__TASK TO COMPLETE__:
In the listing below, find the line with "Dominican Republic, Santo" and copy every line from there up to and including the line with "Capanno da Giardino", exactly and without pictures.

__MATERIAL PROVIDED__:
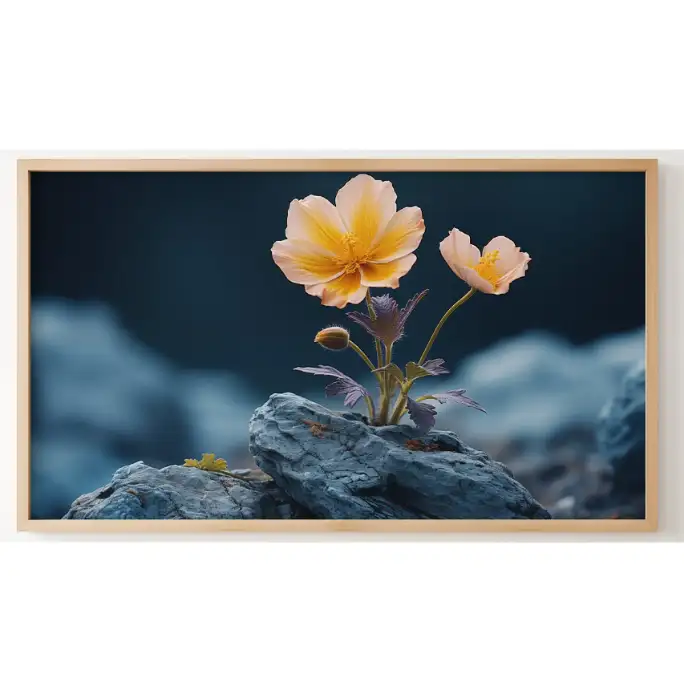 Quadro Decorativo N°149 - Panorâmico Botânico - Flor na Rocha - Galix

---

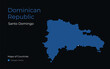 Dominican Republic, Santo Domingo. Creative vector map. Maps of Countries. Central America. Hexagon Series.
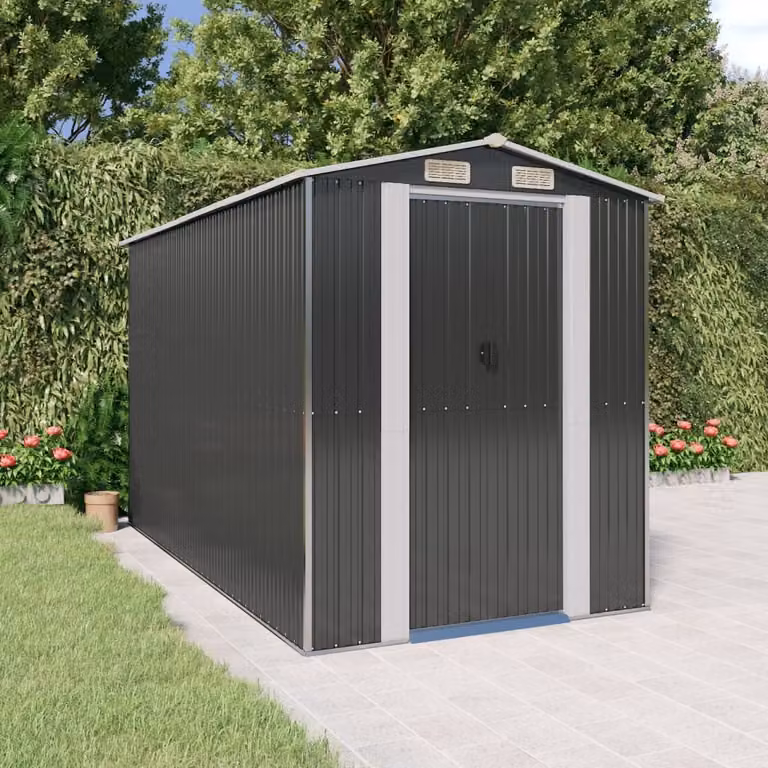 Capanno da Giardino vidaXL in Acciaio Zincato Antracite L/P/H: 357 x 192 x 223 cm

__EXERCISE SOLUTION__:
 Dominican Republic, Santo Domingo. Creative vector map. Maps of Countries. Central America. Hexagon Series.
 Capanno da Giardino vidaXL in Acciaio Zincato Antracite L/P/H: 357 x 192 x 223 cm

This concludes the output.